Record set:
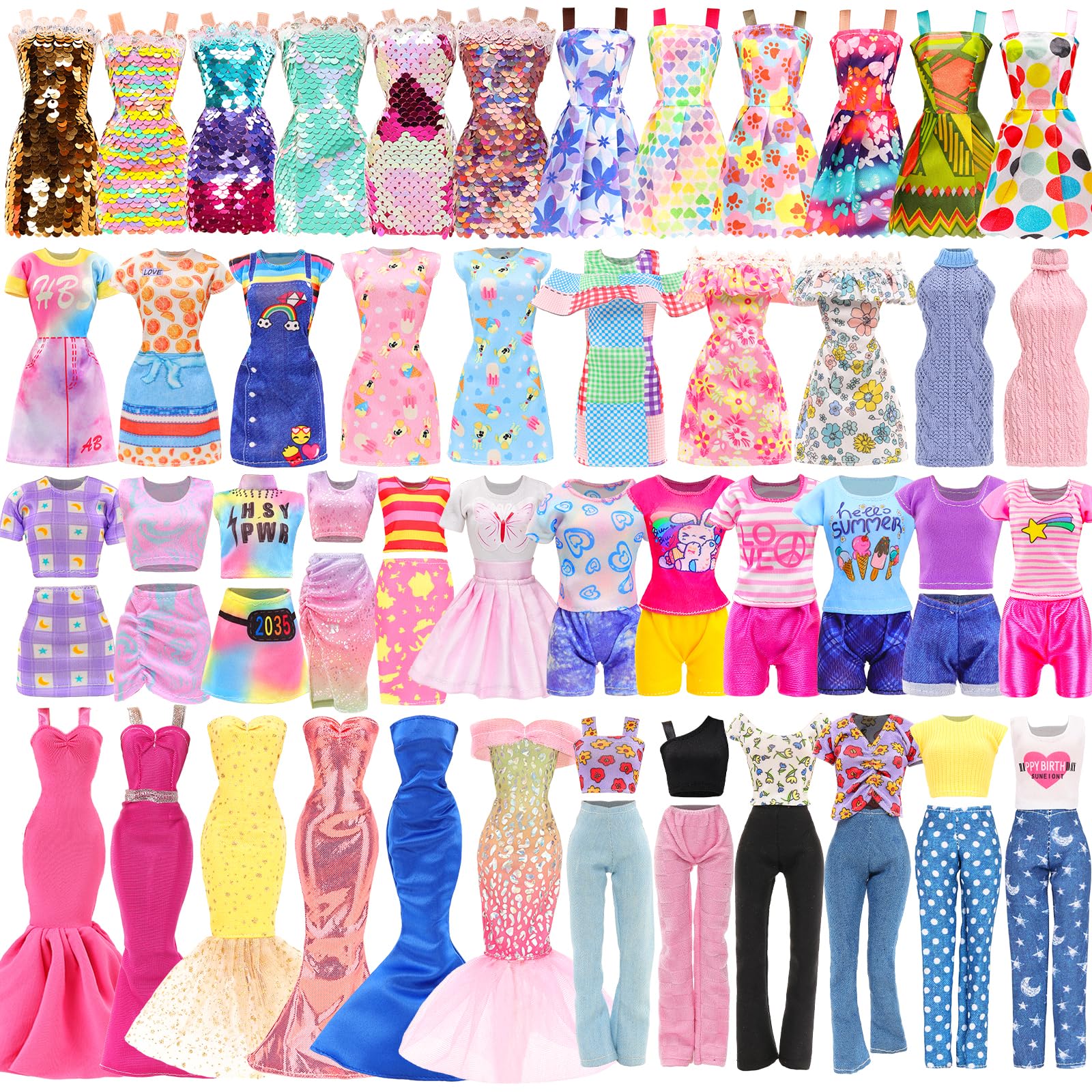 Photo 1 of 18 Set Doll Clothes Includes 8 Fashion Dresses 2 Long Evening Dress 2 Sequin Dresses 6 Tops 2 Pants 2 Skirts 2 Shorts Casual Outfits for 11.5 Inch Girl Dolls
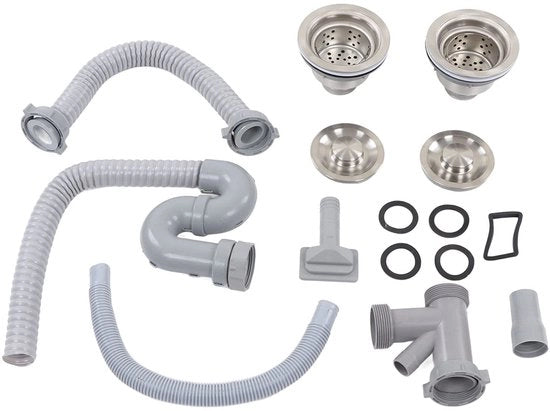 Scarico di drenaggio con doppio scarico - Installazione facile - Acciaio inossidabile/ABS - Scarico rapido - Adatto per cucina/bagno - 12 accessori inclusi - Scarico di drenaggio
==
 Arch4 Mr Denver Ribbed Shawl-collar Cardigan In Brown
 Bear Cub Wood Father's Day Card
---
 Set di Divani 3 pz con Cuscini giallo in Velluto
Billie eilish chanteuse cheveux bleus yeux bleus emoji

What to work on:
Repeat exactly the lines of the listing above, from the one with "Set di Divani" down to the one with "Billie eilish chanteuse"; both of those lines belong in the range.

Answer space:
 Set di Divani 3 pz con Cuscini giallo in Velluto
Billie eilish chanteuse cheveux bleus yeux bleus emoji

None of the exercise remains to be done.